Berdirinya Indonesian Airways tidak sengaja dan tidak terencana. Kisahnya dimulai sejak Yogyakarta jatuh dan pejabat tinggi Republik Indonesia termasuk Presiden Soekarno ditangkap oleh Belanda lewat Agresi Militer Belanda II (Baca : 70 Tahun Agresi Militer Belanda II – Operatie Kraai). Pada waktu bersamaan Douglas C-47/DC-3 Dakota beregistrasi RI-001 bernama “Seulawah” yang merupakan sumbangan dari saudagar-saudagar Aceh itu sedang berada di Calcutta, India untuk melaksanakan perbaikan mesin dan modifikasi lainnya.
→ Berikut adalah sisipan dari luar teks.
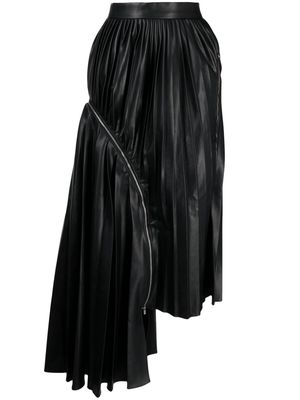 Rokh asymmetric pleated midi skirt - Black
RI-001 sudah ada di India sejak tanggal 17 Desember 1949, diterbangkan dari Kotaraja di bawah dipimpin oleh Opsir Udara III Soetardjo Sigit, perwira pilot AURI (Angkatan Udara Republik Indonesia). Soetardjo Sigit yang merupakan salah satu pilot penyerang kedudukan Belanda di tiga kota itu (Baca : 70 Tahun Hari Bakti TNI-AU-Penyerangan di Tiga Kota) lantas berkoordinasi dengan Opsir Udara II Wiweko Soepono di New Delhi untuk mengupayakan agar pesawat ini menjadi modal perjuangan, menjadi perusahaan penerbangan sipil dan uangnya itu digunakan untuk membeli senjata dan kebutuhan lain untuk pasukan TNI (Tentara Nasional Indonesia) yang terus melakukan perlawanan gerilya terhadap Belanda, walaupun pemerintah pusat sudah tidak ada.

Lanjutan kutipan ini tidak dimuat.